◆ **TO DO**: Your reply should consist of the entries, copied exactly and stripped of images.
+++ DATA +++
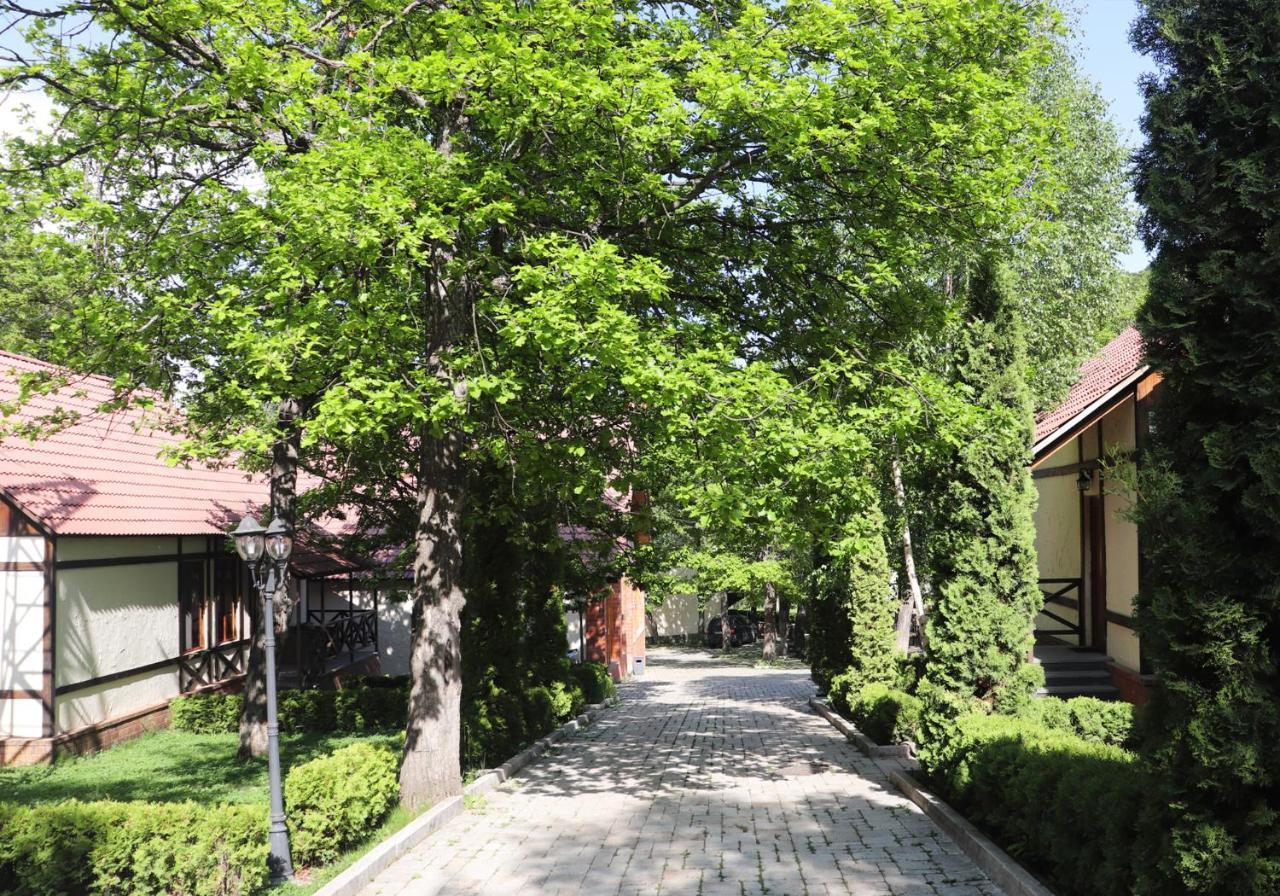 Splendor Resort And Restaurant Țaghkadzor Exterior foto
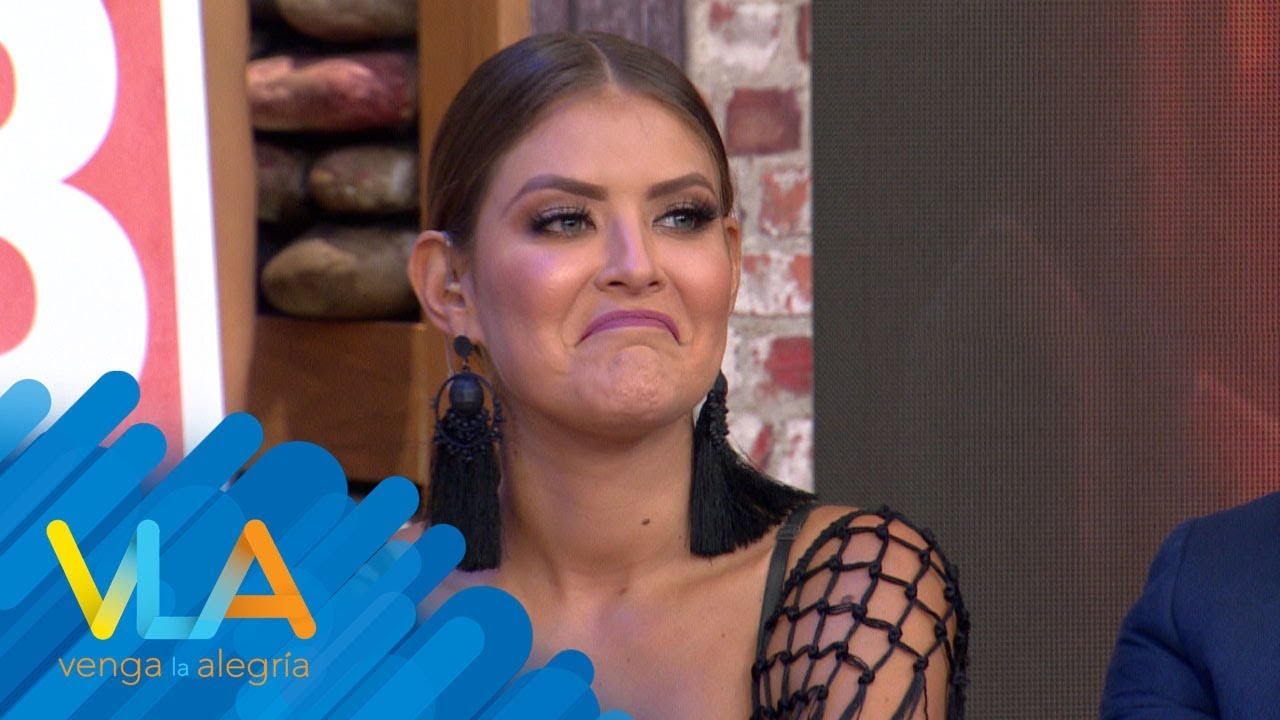 ¡Vanessa Claudio prefiere ropa nueva que sexo! | Venga la Alegría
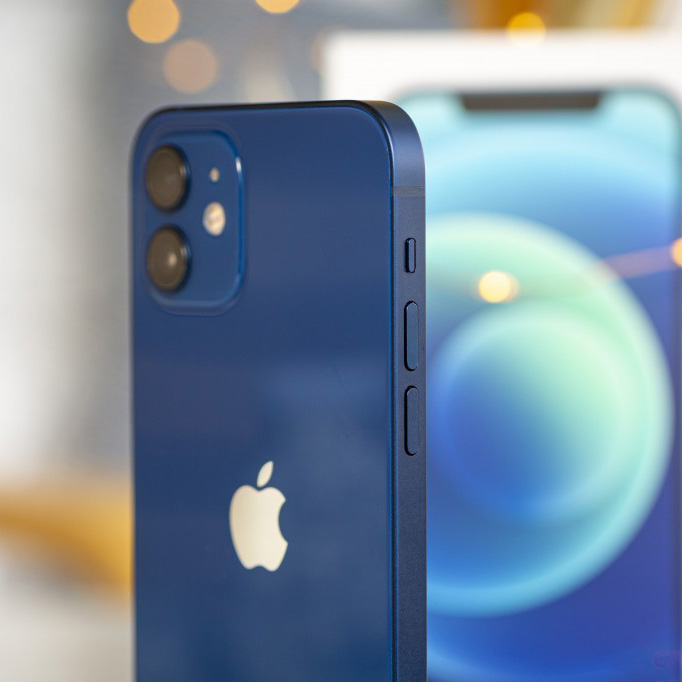 اپل آیفون ۱۲ ظرفیت 64GB رم 4GB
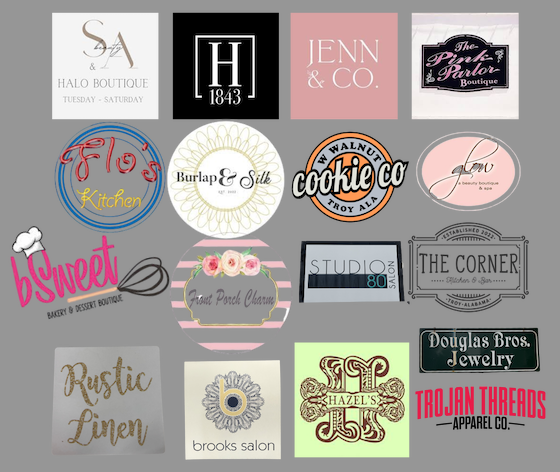 Website Logos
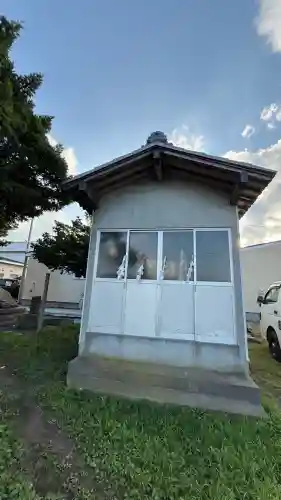 海神社(北海道)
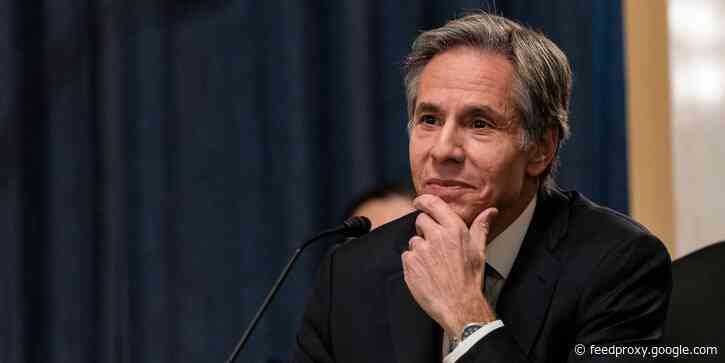 Blinken says China is 'acting more repressively at home and more aggressively abroad'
+++
◆ **WRITTEN ANSWER**:
 Splendor Resort And Restaurant Țaghkadzor Exterior foto
 ¡Vanessa Claudio prefiere ropa nueva que sexo! | Venga la Alegría
 اپل آیفون ۱۲ ظرفیت 64GB رم 4GB
 Website Logos
 海神社(北海道)
 Blinken says China is 'acting more repressively at home and more aggressively abroad'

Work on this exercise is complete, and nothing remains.